Terry Hall has been mean to Kara ever since she became my best friend and this morning he called her Radish, saying she was black on the outside and stark white on the inside. I told Kara to ignore him but it hurt her because, despite Terry’s constant teasing, she’s always been nice to him. Mrs. Mayo and Mrs. Hall go to the same church and Terry’s mom asked Kara if she could help her son improve his math skills because he’s terrible at math. Kara would rather come to my place and play after school, but she still tutors Terry every other day. And what does Terry do in return? He bullies her.
“Now there’s a story,” grandpa says on the way back home.

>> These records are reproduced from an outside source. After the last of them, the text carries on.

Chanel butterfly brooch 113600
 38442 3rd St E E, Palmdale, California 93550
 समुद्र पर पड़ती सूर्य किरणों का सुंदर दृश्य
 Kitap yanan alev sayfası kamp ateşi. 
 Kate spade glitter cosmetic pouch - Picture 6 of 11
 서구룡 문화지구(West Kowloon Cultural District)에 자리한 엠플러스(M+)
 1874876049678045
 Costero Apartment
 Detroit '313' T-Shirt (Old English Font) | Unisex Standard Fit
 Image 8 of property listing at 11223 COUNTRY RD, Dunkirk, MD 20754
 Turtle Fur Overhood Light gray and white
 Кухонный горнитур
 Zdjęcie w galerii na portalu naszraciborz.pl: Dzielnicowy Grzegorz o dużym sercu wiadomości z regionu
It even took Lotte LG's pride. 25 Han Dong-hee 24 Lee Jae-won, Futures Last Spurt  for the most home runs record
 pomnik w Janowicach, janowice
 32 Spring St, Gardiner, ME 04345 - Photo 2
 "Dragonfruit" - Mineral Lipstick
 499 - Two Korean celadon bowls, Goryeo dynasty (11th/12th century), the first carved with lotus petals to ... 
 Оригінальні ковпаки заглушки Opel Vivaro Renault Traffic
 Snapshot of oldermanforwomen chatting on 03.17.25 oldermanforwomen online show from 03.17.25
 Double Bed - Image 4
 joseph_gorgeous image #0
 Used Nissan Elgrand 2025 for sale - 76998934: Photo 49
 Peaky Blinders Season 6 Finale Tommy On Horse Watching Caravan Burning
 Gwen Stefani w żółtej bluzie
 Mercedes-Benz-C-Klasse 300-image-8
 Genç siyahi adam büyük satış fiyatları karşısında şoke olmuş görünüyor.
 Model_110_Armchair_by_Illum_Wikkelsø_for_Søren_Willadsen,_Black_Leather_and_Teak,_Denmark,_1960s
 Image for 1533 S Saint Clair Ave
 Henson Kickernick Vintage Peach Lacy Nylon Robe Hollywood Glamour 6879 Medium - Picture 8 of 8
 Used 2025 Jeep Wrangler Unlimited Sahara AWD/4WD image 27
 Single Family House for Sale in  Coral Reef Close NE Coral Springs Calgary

Anti is carrying my baby brother Luke in his right arm and holding Kara’s hand with the other. I’m holding Kara’s left hand.
“Why don’t you let Luke walk?” Kara points at my brother. “He can walk, can’t he?”
“He can walk all right.” Grandpa laughs. “But it would take us twice as long to reach home and you’d have less time to play.”
Plus, we’d probably get bored of listening to Anti’s many legends. Yet, I can see Kara is all ears and she enjoys paying attention to him.
“Back in the day, Eagle thought it was better if she made friends with Fox,” grandpa begins his tale. “Eagle’s chicks were little and she was afraid Fox might want to devour them. But then Eagle realized she didn’t need to be faithful to Fox because Fox couldn’t eat her chicks, which were perched high up on the cliff, and she decided to swallow up Fox’s little cubs instead. Yet, Eagle needed to take some food to her chicks too. So, she stole a piece of meat from the food the church gave out to the poor and carried it to her nest. But because Eagle failed to notice a lit candle that was stuck to the meat, the nest caught fire and her chicks burned to death.”
“Wow.” Kara shudders. “Why do your legends have such extreme endings?”
“It makes them harder to forget, I guess.” Anti smiles.
They don’t sound extreme to me though, and I wonder how many people, besides grandpa, still remember these old stories.